Le premier constat est que les entreprises ont surtout recours aux aides directes et aux moratoires auprès des banques. Diverses aides directes ont été demandées pour un montant de 135 millions d'euros et 18.000 moratoires à hauteur de plus de 3,6 milliards d'euros. En revanche, les crédits sous garantie d'Etat ne sont guère demandés. Seules 186 demandes ont été déposées. Le député CSV Laurent Mosar:

"On remarque très précisément ici, que finalement, les entreprises - et c'est compréhensible - ne souhaitent pas s'endetter davantage. Elles veulent d'abord rembourser leurs crédits en cours, et à ce niveau, elles veulent obtenir plus de temps. Elles souhaitent évidemment aussi profiter des aides non remboursables. Mais elles n'ont pas nécessairement très envie de demander des crédits supplémentaires."

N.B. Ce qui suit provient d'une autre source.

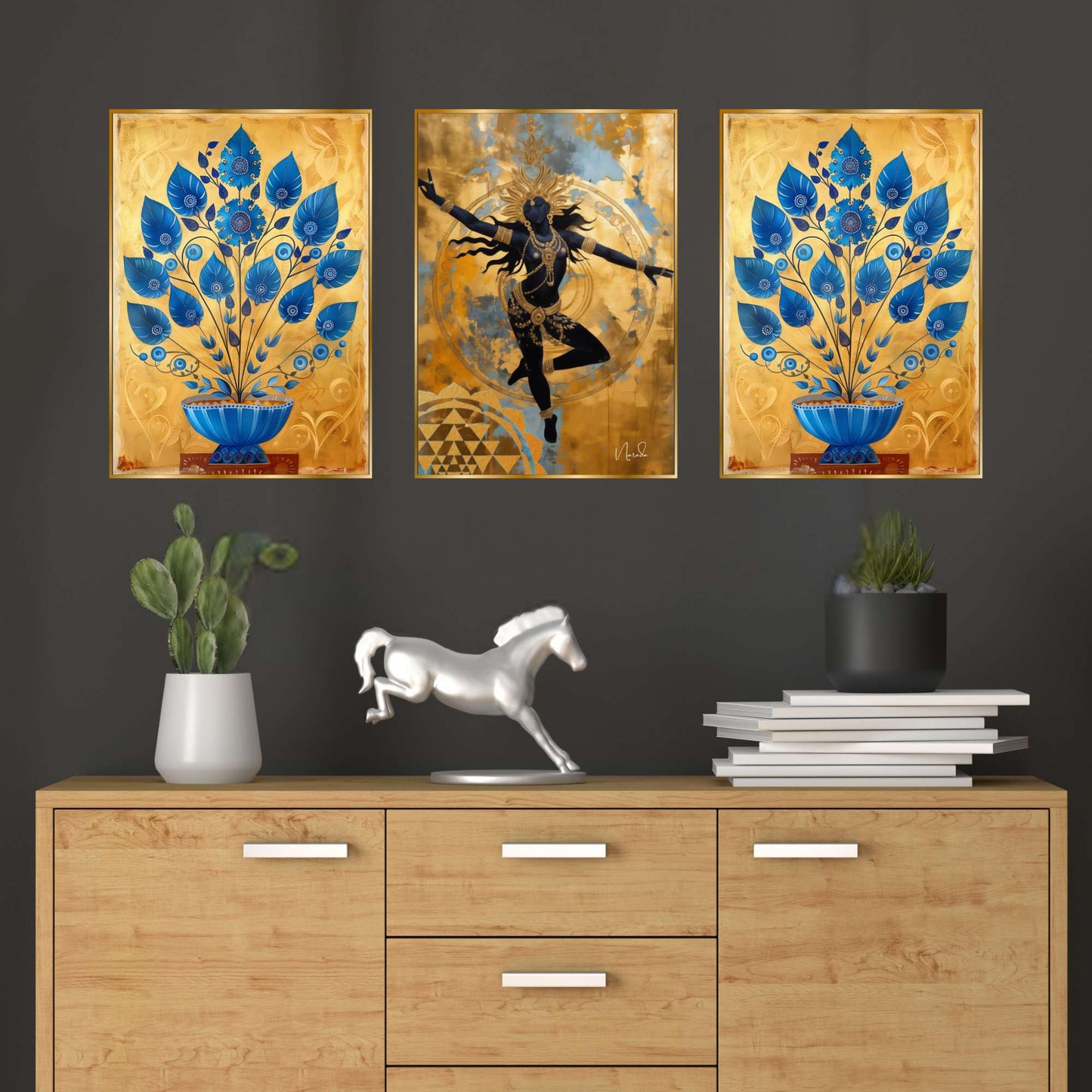 Set of Three Wall Paintings for Wall Dacoration Golden Framed Wall Paintings for Living Room & Bedroom Wall Art for Home Decoration & Office Wall DÃ©cor (18x12 inch CH-GD3-10)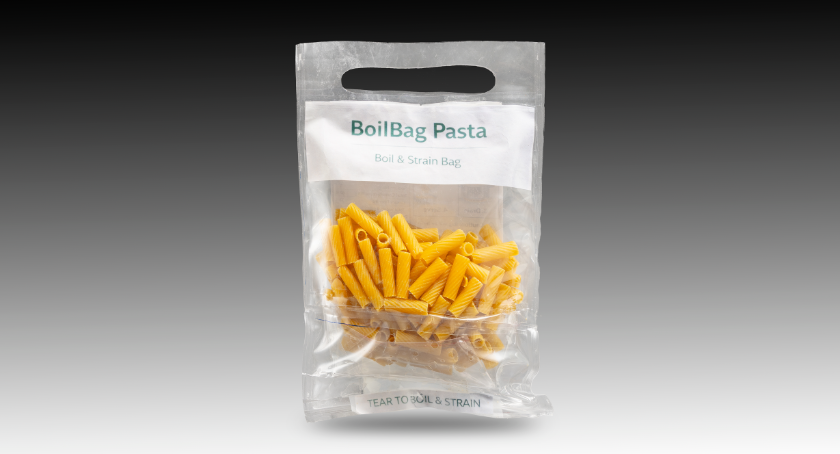 The BoilBag Pasta package transforms traditional pasta packaging into an active cooking solution. The heat-resistant pouch allows consumers to boil, strain, and serve pasta directly from the package, eliminating the need for a separate colander. The design incorporates an integrated drainage zone, reinforced handling features, and a recyclable laminate structure engineered for thermal performance and durability. By reducing cleanup, water usage, and packaging weight, the concept demonstrates how flexible packaging can become an integral part of the product experience.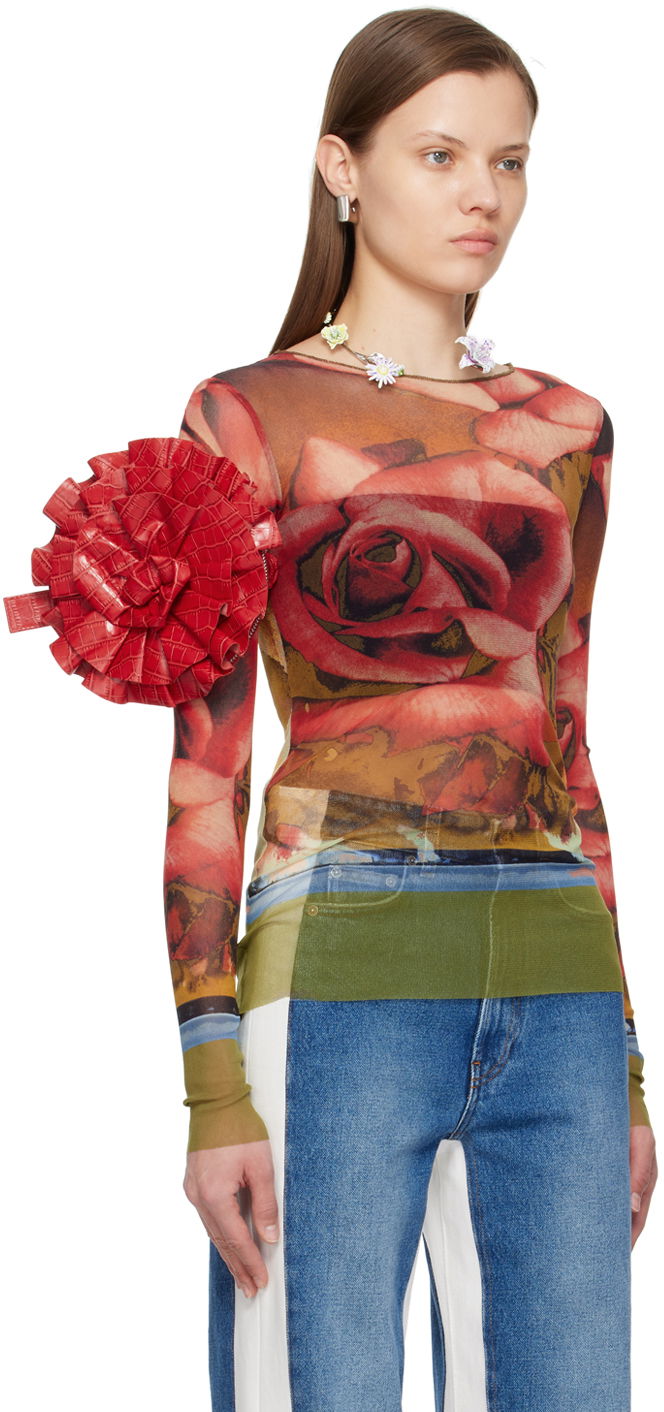 T-shirt Jean Paul Gaultier Jean Paul Gaultier Roses Print Long Sleeve T-Shirt Flerfarvet | 24/25-U-TO132-T547-403050, 1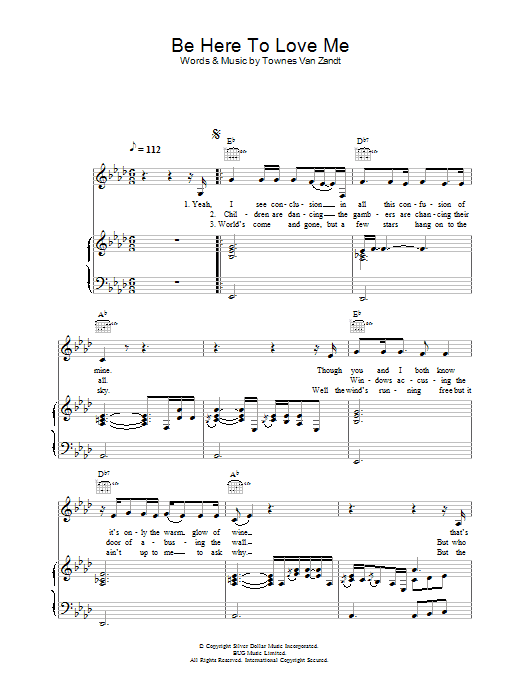 Norah Jones Be Here To Love Me sheet music notes and chords arranged for Piano, Vocal & Guitar Chords (Right-Hand Melody)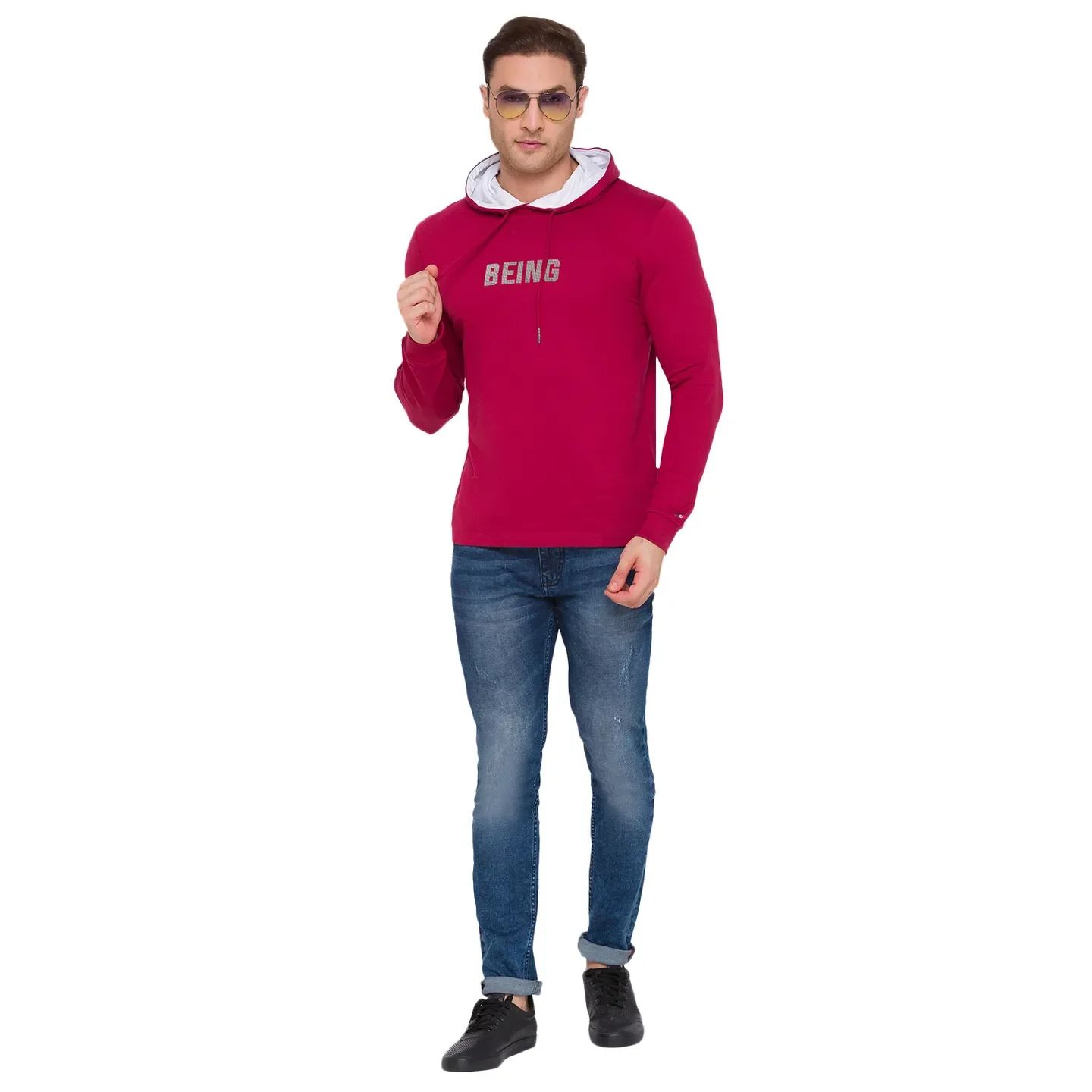 Red Regular Fit  Long Sleeves Cotton Men's Hoodie by Being Human Clothing - Image 5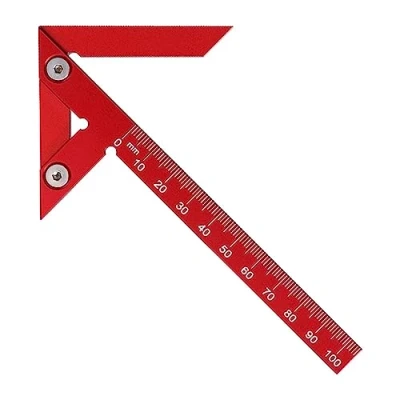 Imagen de ZAYIUKI Escuadra de Carpintero,escuadra Carpintero 150mm transportador Multifuncional aleación Aluminio Prueba triángulos Cuadrados Regla Cuadrada carpintería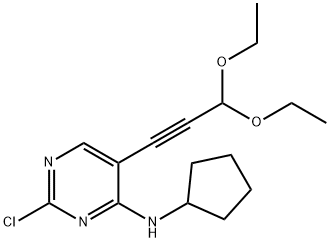 2-chloro-N-cyclopentyl-5-(3,3-diethoxy-1-propyn-1-yl)-4-Pyrimidinamine Structure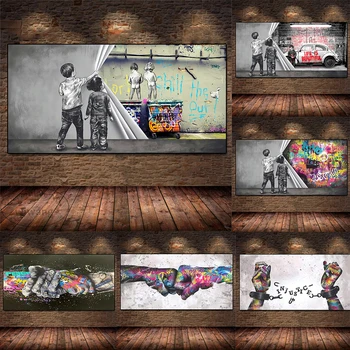 Banksy Duvar Sanatı Hayat Kısa Graffiti Tuval Boyama Sokak Sanatı Posterler ve Baskılar Pop Art Duvar Resmi Oturma Odası Ev Dekor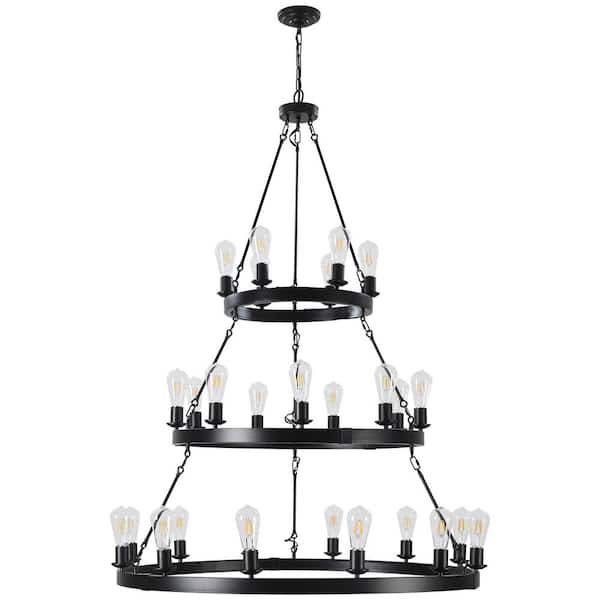 Thebes 45 in. 27-Light Matte Black 3-Tier Wagon Wheel Chandelier Light Fixture for Living Room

Les moratoires s'achèveront en tout cas à la fin de l'année, il faudrait dès à présent se poser la question de la suite. Parce que même après la fin de l'année, il y aura certainement toujours un certain nombre d'entreprises qui ne pourront pas rembourser leurs crédits, selon Laurent Mosar. Aucune réponse n'a été fournie sur le sujet jeudi à la Commission.

Par ailleurs, le ministre des Classes moyennes, Lex Delles, a confirmé que les entreprises du secteur Horesca ainsi que de petits commerces, ressentaient les côtés négatifs du télétravail.

"... il y a évidemment beaucoup moins de gens présents dans leurs bureaux et aussi qui viennent travailler dans les immeubles de bureaux, les restaurateurs le remarquent tout particulièrement, les sandwicheries le remarquent. Là, il y a moins de chiffres d'affaires et on nous dit que jusqu'à présent le chiffre d'affaires a atteint un tiers seulement de ce qu'il était les mois précédents."

Le député CSV, Laurent Mosar, en conclut que si on veut à présent inscrire cette mesure dans la législation, il faudrait veiller à ce que le télétravail se limite tout au plus à un jour par semaine.

Aucune réponse définitive n'a été donnée en ce qui concerne le secteur des voyagistes. Là, il est important de trouver des solutions. Les pouvoirs publics veulent évidemment soutenir le secteur, mais aussi, défendre les consommateurs. Le système des bons n'est pas mauvais, mais il ne suffit pas, selon Laurent Mosar. Le secteur a demandé un fonds. Le gouvernement n'exclut pas cette possibilité pour l'instant.